[Work to be completed] Give again every line from the one with "Эпилятор philips satinelle" through the last line of the data, exactly, and leave out the lines before it.

[Data excerpts]
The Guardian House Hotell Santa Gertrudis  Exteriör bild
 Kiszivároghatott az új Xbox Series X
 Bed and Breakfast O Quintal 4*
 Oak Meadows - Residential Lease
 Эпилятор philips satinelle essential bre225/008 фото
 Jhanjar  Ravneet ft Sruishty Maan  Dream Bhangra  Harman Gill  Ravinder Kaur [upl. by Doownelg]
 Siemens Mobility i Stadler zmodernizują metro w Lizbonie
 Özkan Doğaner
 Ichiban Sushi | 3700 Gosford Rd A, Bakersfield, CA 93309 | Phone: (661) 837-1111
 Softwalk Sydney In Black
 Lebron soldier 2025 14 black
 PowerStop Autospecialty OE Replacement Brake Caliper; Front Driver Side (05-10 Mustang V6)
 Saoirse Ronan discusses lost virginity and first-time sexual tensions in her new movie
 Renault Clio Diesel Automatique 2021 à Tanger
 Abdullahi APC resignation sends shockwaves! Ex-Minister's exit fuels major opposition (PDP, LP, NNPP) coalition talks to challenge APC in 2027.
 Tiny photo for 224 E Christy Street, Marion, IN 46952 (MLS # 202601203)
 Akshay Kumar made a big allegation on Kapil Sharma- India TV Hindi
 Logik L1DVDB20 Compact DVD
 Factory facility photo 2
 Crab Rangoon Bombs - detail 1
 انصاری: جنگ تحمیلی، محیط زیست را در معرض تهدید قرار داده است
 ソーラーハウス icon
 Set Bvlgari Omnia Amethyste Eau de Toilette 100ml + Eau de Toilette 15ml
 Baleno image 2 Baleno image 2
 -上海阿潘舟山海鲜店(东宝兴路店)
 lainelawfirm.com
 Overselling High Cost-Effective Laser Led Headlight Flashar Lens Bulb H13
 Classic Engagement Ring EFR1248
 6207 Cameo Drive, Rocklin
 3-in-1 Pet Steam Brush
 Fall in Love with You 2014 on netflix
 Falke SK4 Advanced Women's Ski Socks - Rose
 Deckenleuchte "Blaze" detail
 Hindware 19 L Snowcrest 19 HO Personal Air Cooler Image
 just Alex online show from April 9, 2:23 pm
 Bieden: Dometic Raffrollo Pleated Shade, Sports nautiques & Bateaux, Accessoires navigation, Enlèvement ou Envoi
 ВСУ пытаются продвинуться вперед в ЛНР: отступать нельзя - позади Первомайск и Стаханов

[Answer area]
 Эпилятор philips satinelle essential bre225/008 фото
 Jhanjar  Ravneet ft Sruishty Maan  Dream Bhangra  Harman Gill  Ravinder Kaur [upl. by Doownelg]
 Siemens Mobility i Stadler zmodernizują metro w Lizbonie
 Özkan Doğaner
 Ichiban Sushi | 3700 Gosford Rd A, Bakersfield, CA 93309 | Phone: (661) 837-1111
 Softwalk Sydney In Black
 Lebron soldier 2025 14 black
 PowerStop Autospecialty OE Replacement Brake Caliper; Front Driver Side (05-10 Mustang V6)
 Saoirse Ronan discusses lost virginity and first-time sexual tensions in her new movie
 Renault Clio Diesel Automatique 2021 à Tanger
 Abdullahi APC resignation sends shockwaves! Ex-Minister's exit fuels major opposition (PDP, LP, NNPP) coalition talks to challenge APC in 2027.
 Tiny photo for 224 E Christy Street, Marion, IN 46952 (MLS # 202601203)
 Akshay Kumar made a big allegation on Kapil Sharma- India TV Hindi
 Logik L1DVDB20 Compact DVD
 Factory facility photo 2
 Crab Rangoon Bombs - detail 1
 انصاری: جنگ تحمیلی، محیط زیست را در معرض تهدید قرار داده است
 ソーラーハウス icon
 Set Bvlgari Omnia Amethyste Eau de Toilette 100ml + Eau de Toilette 15ml
 Baleno image 2 Baleno image 2
 -上海阿潘舟山海鲜店(东宝兴路店)
 lainelawfirm.com
 Overselling High Cost-Effective Laser Led Headlight Flashar Lens Bulb H13
 Classic Engagement Ring EFR1248
 6207 Cameo Drive, Rocklin
 3-in-1 Pet Steam Brush
 Fall in Love with You 2014 on netflix
 Falke SK4 Advanced Women's Ski Socks - Rose
 Deckenleuchte "Blaze" detail
 Hindware 19 L Snowcrest 19 HO Personal Air Cooler Image
 just Alex online show from April 9, 2:23 pm
 Bieden: Dometic Raffrollo Pleated Shade, Sports nautiques & Bateaux, Accessoires navigation, Enlèvement ou Envoi
 ВСУ пытаются продвинуться вперед в ЛНР: отступать нельзя - позади Первомайск и Стаханов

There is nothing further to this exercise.